Republicans quickly settled on a strategy: They would oppose every idea Obama had, every program and initiative — no matter how broad the appeal. Why? Because voters hate gridlock — and GOP strategists decided voters would blame president, even if he didn't deserve it.
"We're not here to cut deals and get crumbs and stay in the minority for another 40 years," then-Rep. Eric Cantor (R-Va.) said at the time. "We're going to fight these guys."
This required some wild contortions for the GOP. Obama dusted off a health-care plan that was hatched in a conservative think tank and had been passed by Republicans in Massachusetts, but couldn't sell it to their counterparts in Washington, D.C. McConnell voted for a bailout bill as the Great Recession started under President Bush — then tried to block its implementation under Obama. In 2012, McConnell even ended up filibustering a bill he himself had introduced, just to deprive Democrats of a victory.
It worked. ObamaCare passed Congress along partisan lines — and a few months later, Republicans won control of the House.
Given that history, Democrats should be leery of GOP appeals to bipartisanship. Even as they prepare to impeach Trump, though, they are are on the cusp of giving him a victory on his USMCA trade treaty intended to replace NAFTA. The benefits of the new agreement are in dispute, but "ratifying the agreement would also concretely help Trump as the 2020 election gets going," letting him boast of a rare bipartisan accomplishment, my colleague Ryan Cooper noted earlier this month. "It also goes without saying that the Republican leadership would never, ever, ever help Democrats in this way."
Indeed, that the Democrats would allow Trump a win in this environment seems crazy. "So, can someone explain to me why Dems appear about to sign on to Trump's USMCA trade deal?" liberal New York Times columnist Paul Krugman tweeted this week. "It's basically no change from NAFTA as is, but Trump will claim it as a triumph. Why give him that?"
But it makes sense when you remember that Democrats like the idea of compromise more than Republicans do. Polls consistently demonstrate this truth: A 2018 survey showed that 66 percent of Democrats favor compromise, compared to just 36 percent of Republicans. A 2017 poll put the split at 62 percent and 44 percent, respectively. The trend held even in 2010, when Obama held the White House.
The Democrats' misguided commitment to compromise and moderation can be seen in House Speaker Nancy Pelosi's (D-Calif.) fussing over the swing-district moderates in her caucus while progressives chafe. It's on display as former Vice President Joe Biden leads the Democratic presidential pack on an impossible promise to woo congressional Republicans. They understand that talking about compromise and moderation is the best way to generate support from their own voters. That may frustrate progressive activists, but elites like Pelosi and Biden want to win elections, and they think bipartisanship is their best shot. Meanwhile, President Trump may be able to win re-election, despite broad unpopularity, simply by trying to appeal only to his own base.

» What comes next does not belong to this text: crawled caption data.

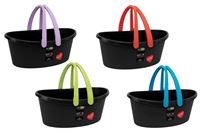 Oval plastspand, sort. 22,5 liter.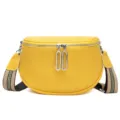 Yellow leather saddle bag, stylish women crossbody shoulder bag with wide strap and zippers. - Yellow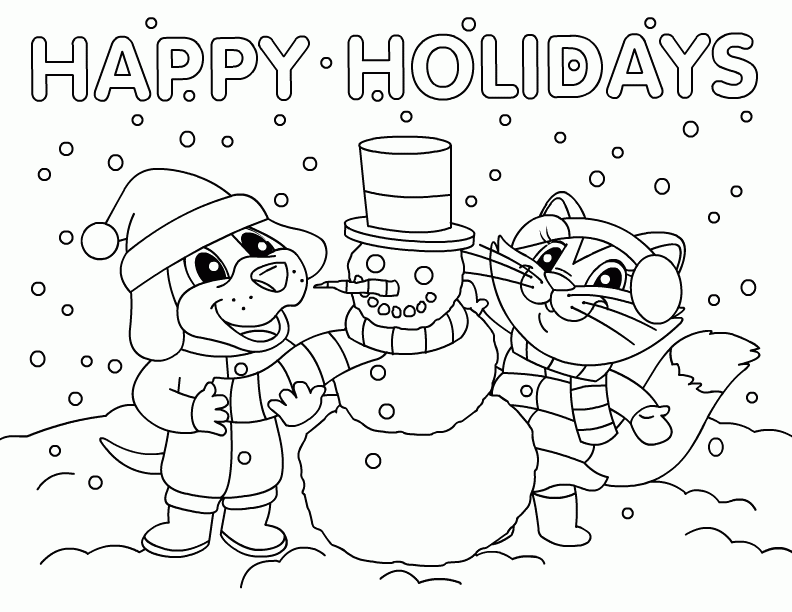 Snowman Coloring Page - Free Coloring Pages For KidsFree Coloring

Given those trends, it isn't shocking that Pelosi tried so long to avoid impeachment. Actually, it's surprising she isn't doing more to seek a middle ground, like censure. But impeachment doesn't really lend itself to a bipartisan compromise — either Trump tried to subvert the 2020 election by pressuring Ukraine, or he didn't. It's that simple.
The evidence suggests Trump crossed the line. Officials said Monday night that the House will vote next week on two articles of impeachment against Trump. But Republicans won't vote for his impeachment, no matter how overwhelming the facts. They have their reasons. Don't be fooled. In the GOP's hands, pretending to care about bipartisanship is the most partisan act of all.